Metadata-Version: 2.4
Name: algosrl
Version: 0.1.0
Summary: Algorithm OS RL: An RL module for AlgOS
Home-page: https://github.com/LlewynS/algosrl
Author: LlewynS
Author-email: algos251@gmail.com
Classifier: Programming Language :: Python :: 3
Classifier: License :: OSI Approved :: GNU Affero General Public License v3
Classifier: Operating System :: OS Independent
Requires-Python: >=3.10
Description-Content-Type: text/markdown
License-File: LICENSE
Requires-Dist: algos_core==0.1.0
Requires-Dist: gym-dcmotor==0.2
Requires-Dist: gymnasium==0.29.1
Requires-Dist: numpy==1.23.5
Requires-Dist: optuna==4.2.1
Requires-Dist: pytest==7.2.2
Requires-Dist: setuptools==65.5.0
Requires-Dist: stable_baselines3==2.4.0
Requires-Dist: torch==2.0.1
Requires-Dist: gymnasium_robotics==1.2.3
Requires-Dist: highway_env==1.8.2
Dynamic: author
Dynamic: author-email
Dynamic: classifier
Dynamic: description
Dynamic: description-content-type
Dynamic: home-page
Dynamic: license-file
Dynamic: requires-dist
Dynamic: requires-python
Dynamic: summary

# AlgOSRL: RL Module For AlgOS
This module utilises [AlgOS](https://github.com/llewynS/algos) as its core and provides an interface for implementing reinforcement learning algorithms. 

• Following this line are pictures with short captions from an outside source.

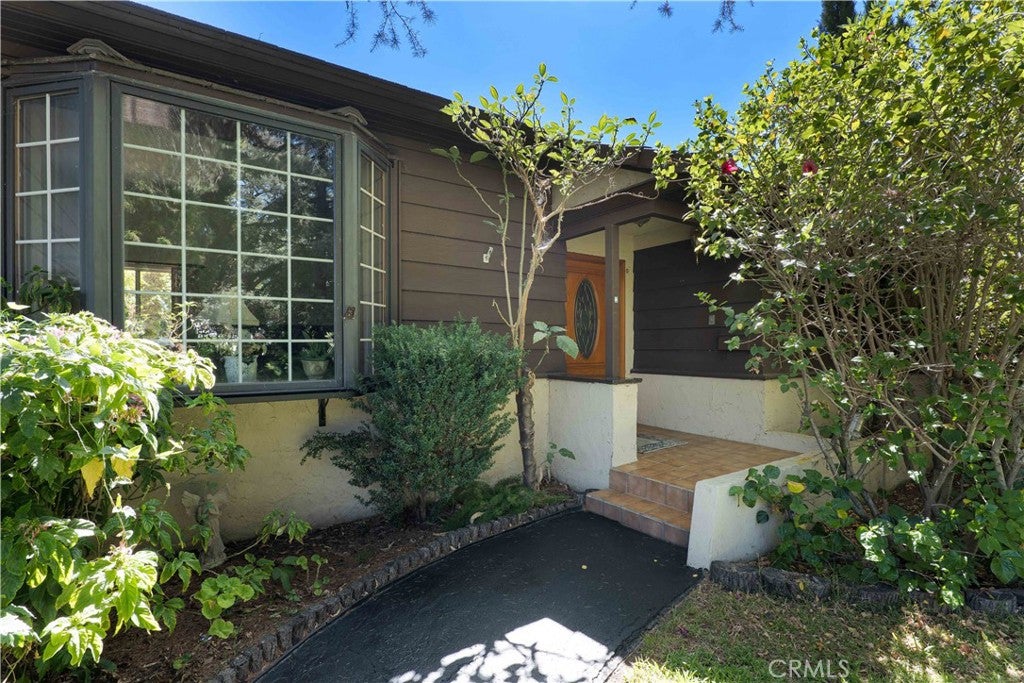 6438 Orion Avenue
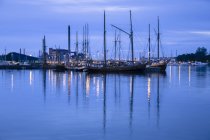 Finlandia, Helsinki, vista al puerto a la hora azul y barcos amarrados - foto de stock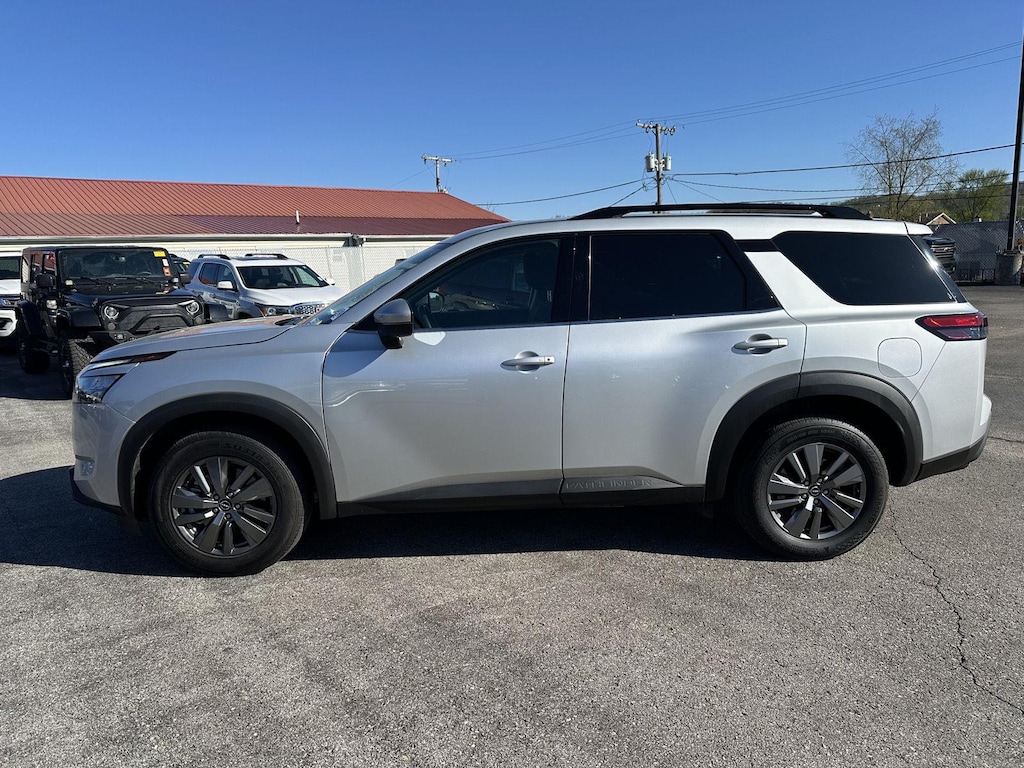 Used 2025 Nissan Pathfinder SV SUV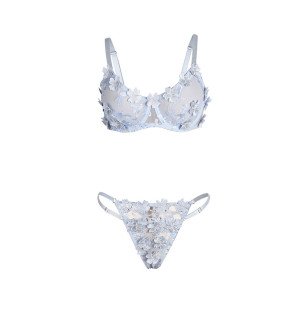 Hemelsblauwe lingerie set met geborduurde bloemen – foto 5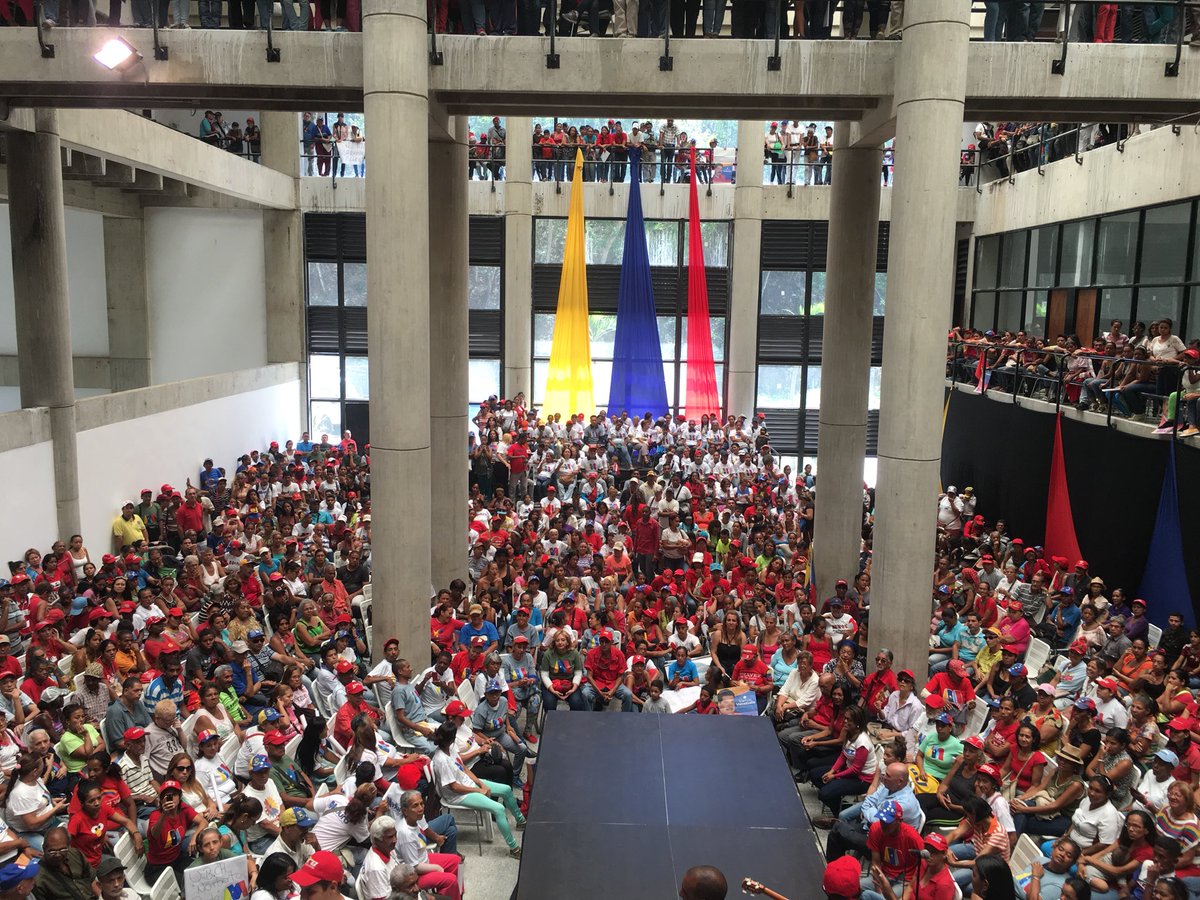 RodolfoSanzPSUV's tweet photo. Fuerza chavista en Miranda rumbo al 20M #VamosNico estructura revolucionaria movilizada https://t.co/sGtuXIbwcD
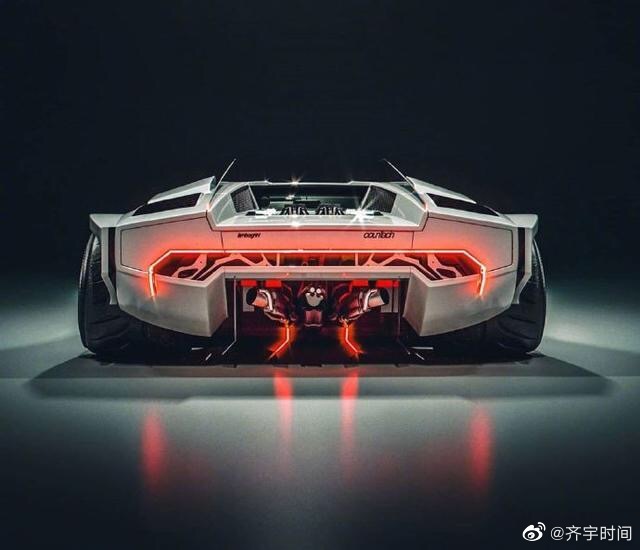 静静地看,兰博基尼 Countach Elettrica,再加任何装饰都是多余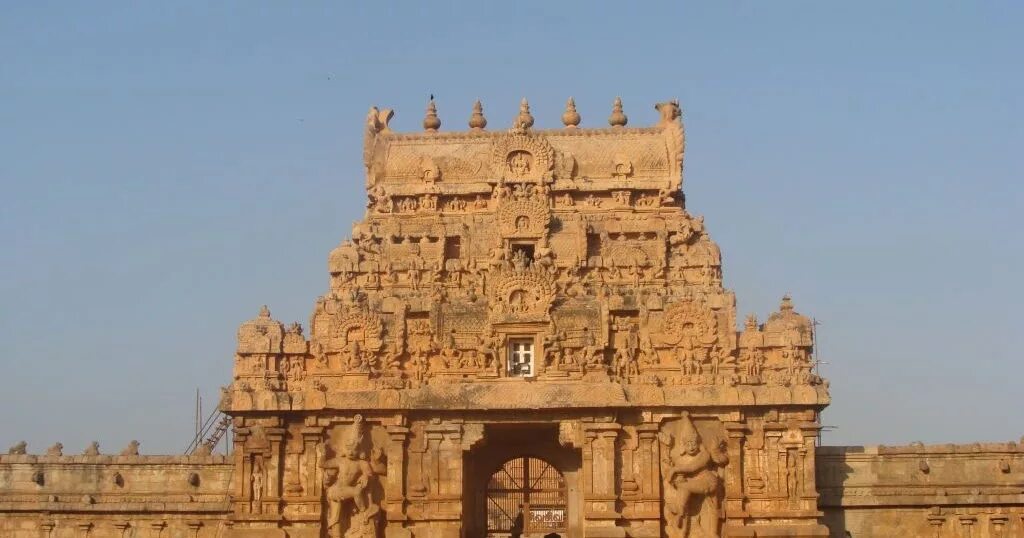 Great temple. Брихадешвара. Храм Бога Брихадешвара. Great Living Chola Temples. Империя Чола Индия.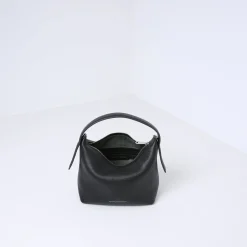 TARA | BLACK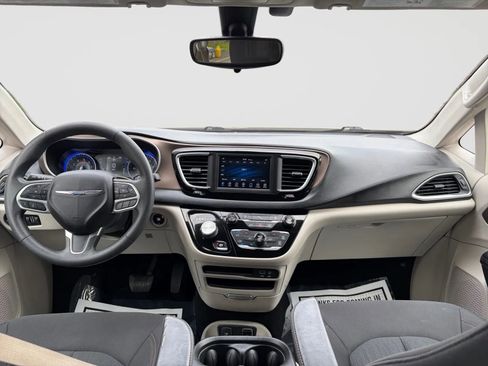 Used 2018 Chrysler Pacifica Touring Plus w/ Tire & Wheel Group image 24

AlgOS provides standardised:
* experimental interface,
* self organising algorithmic segments via [AbstractParametered](https://github.com/llewynS/algos/blob/main/algos/interfaces/abstractbaseclasses/hyperparameter.py#L142) and [AbstractComponent](https://github.com/llewynS/algos/blob/main/algos/interfaces/abstractbaseclasses/component.py),
* logging (can replace tensorboard logging with internal logger as .record interface is same),
* central DB schema that supports PostgreSQL and MySQL (integrates with Optuna DB),
* factory methods for dependency injection,
* hyperparameter for automated hyperparameter optimisation, and
* input parsing for automated script generation. 

AlgOSRL extends this to work in the reinforcement learning space by:
* providing an RLExperiment and RLComponent interface to extend,
* a numpy replay buffer that offers indexed access,
* wrappers for goal based RL that work with the maze environments from [robotics_gymnasium](https://robotics.farama.org/),
* wrapper for [stable baselines 3](https://stable-baselines3.readthedocs.io/en/master/) that allow the use of their off-policy agents, and
* an evaluator for goals based on their coverage. 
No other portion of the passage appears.